§ How to complete this task
Pictures stay out of the copy; set down each line of the listing below exactly.

§ The data
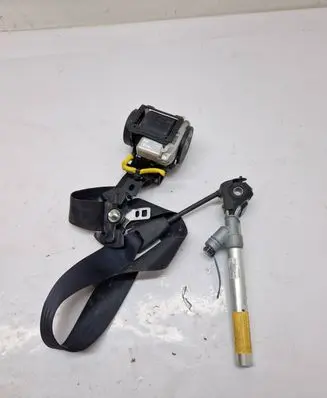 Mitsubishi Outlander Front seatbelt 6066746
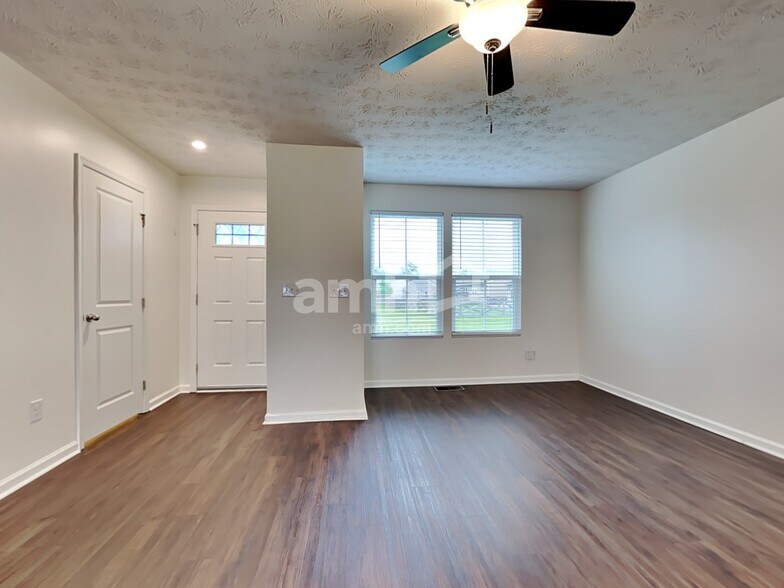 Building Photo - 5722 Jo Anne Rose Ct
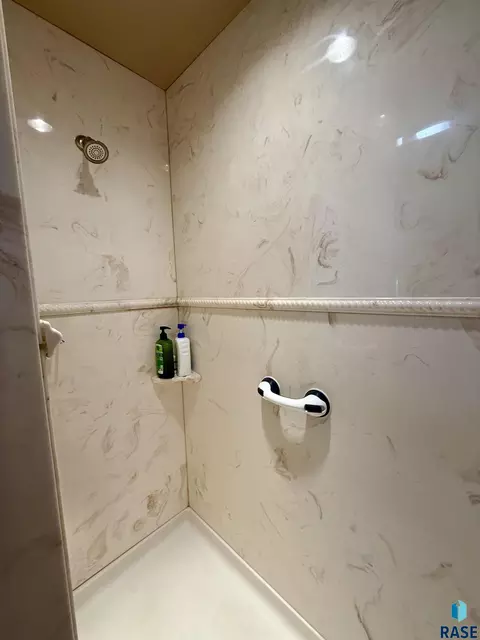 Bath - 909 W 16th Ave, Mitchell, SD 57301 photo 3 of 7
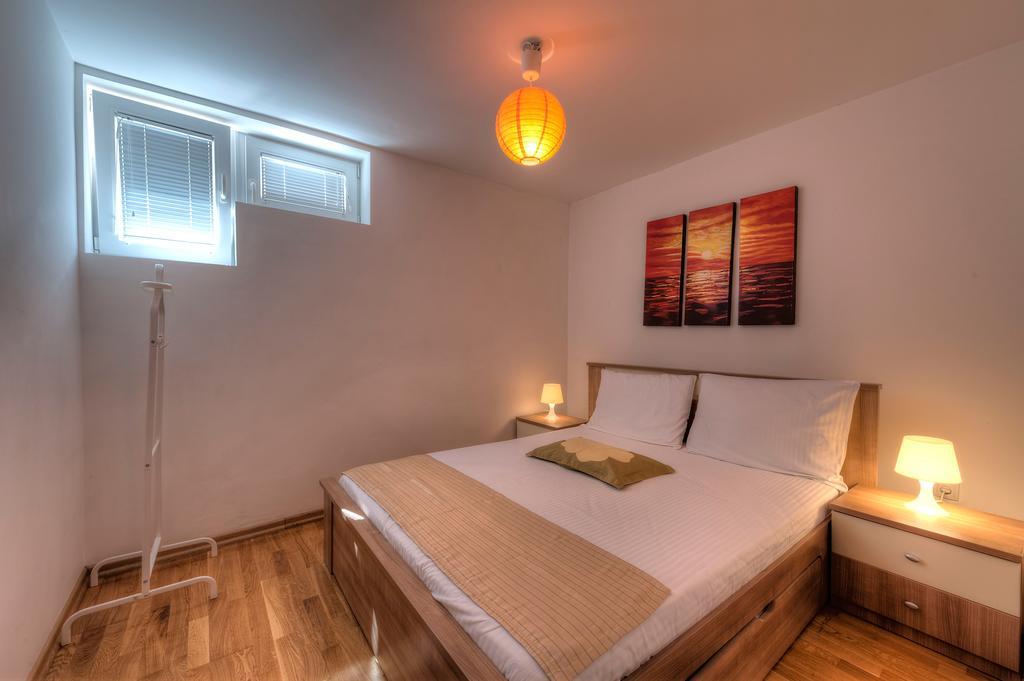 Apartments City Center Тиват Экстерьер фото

§ Your response
 Mitsubishi Outlander Front seatbelt 6066746
 Building Photo - 5722 Jo Anne Rose Ct
 Bath - 909 W 16th Ave, Mitchell, SD 57301 photo 3 of 7
 Apartments City Center Тиват Экстерьер фото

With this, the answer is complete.